The Ghost Busters 1.7 – A Worthless Gauze

So a reader asked which Ghost Buster is Daniel’s favorite, and the answer, of course, is Tracy. This time, Tracy is practicing to be a stage magician, which is awfully convenient, in that kids’ TV way, because the ghost of the Egyptian Queen Faroh is looking for an immortal magician called Simious, who looks like an ape. He’s supposed to have the secret of immortality.

I’ve described some of Tracy’s oddball stunts, which Spencer and Kong see with their own eyes but never seem to acknowledge, as “magic.” This gets paid off this time, as Tracy is practicing the “cut a rope in two and pull it back out as one” trick. He drops the two halves in his hat, and then levitates out a trumpet, to which several colored handkerchiefs are tied, and finally the two halves, tied together. Kong sneers that he can’t do magic despite what he’s just witnessed, because the halves are tied.

Even though he laughed through the entire episode, Daniel insisted that the best part of the episode by far was the final gag, in which Tracy’s stage magic goes awry and he makes himself and Spencer disappear completely, somewhat ruining their intended surprise entrance to Kong’s birthday party. For whatever reason, the sight of the office door opening and closing by itself was his favorite among more than a dozen gags, although the message from Zero self, and the subsequent self-destruction, got a mention as well. He loves it “when Tracy makes an explosion!”
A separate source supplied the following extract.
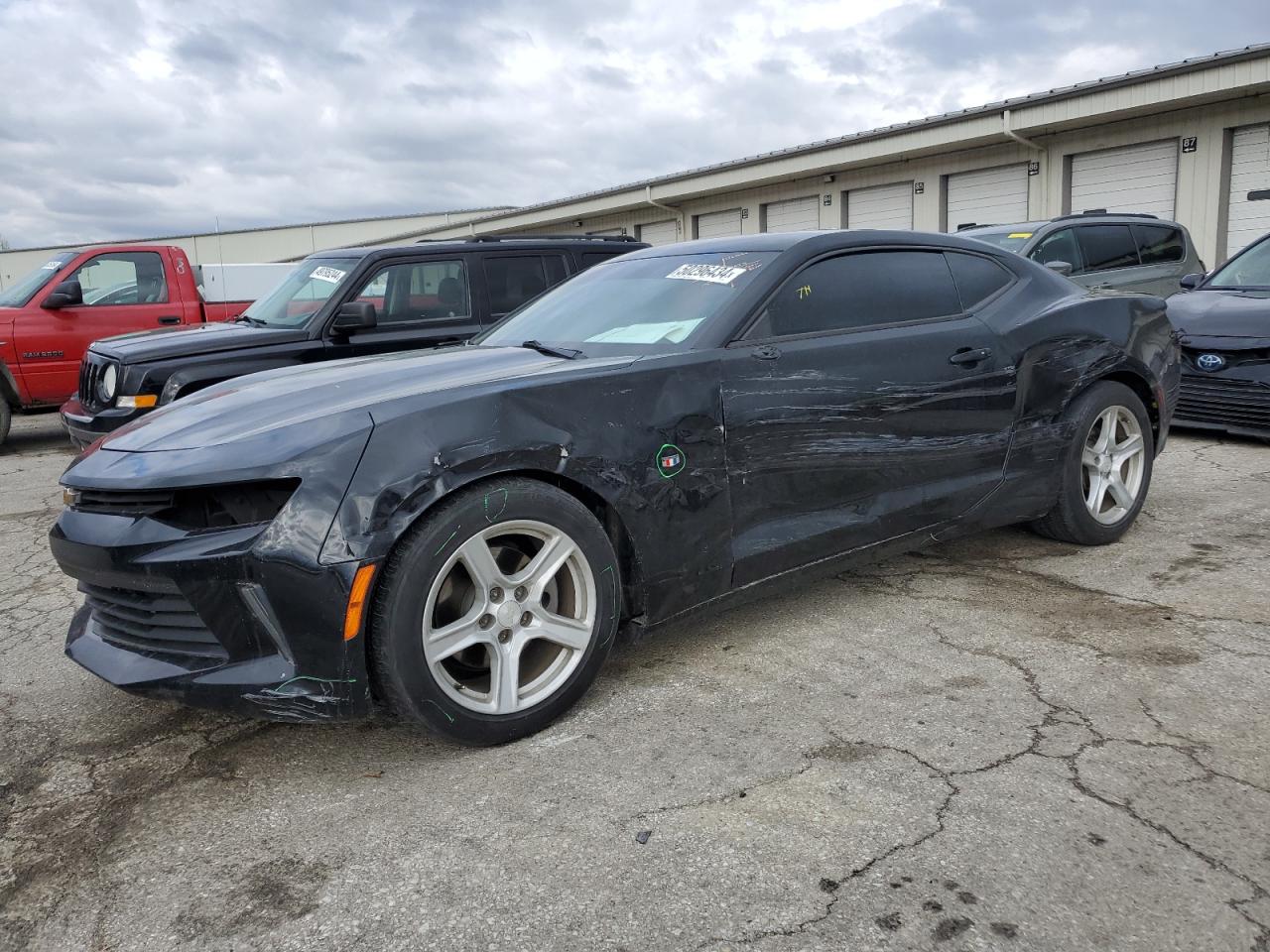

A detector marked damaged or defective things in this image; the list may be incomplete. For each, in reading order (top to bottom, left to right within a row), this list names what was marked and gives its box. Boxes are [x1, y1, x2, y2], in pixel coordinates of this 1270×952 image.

damaged car hood [102, 347, 635, 454]
cracked asphalt pavement [0, 416, 1264, 952]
Faroh is played by Barbara Rhoades, who spent decades doing dozens of these taped-in-a-day roles, appearing in very small parts in pretty much everything, including four separate characters in four separate episodes of McMillan and Wife. She seems to have retired after a run of twenty episodes of the soap opera One Life to Live in 2011.

Queen Faroh’s mummy – she has to have a mummy – has the most peculiar superpower. Apparently, anybody he touches turns into a mummy as well. I scratched my head, trying to remember whether I’d ever heard of such a thing in fiction, until Tracy hands the mummy a flower and it instantly dies. Kong calls that – that! – mummification. I think “turns into a mummy” was an awkward compromise offered when CBS’s Broadcast Standard department told them they couldn’t use words like “kills.”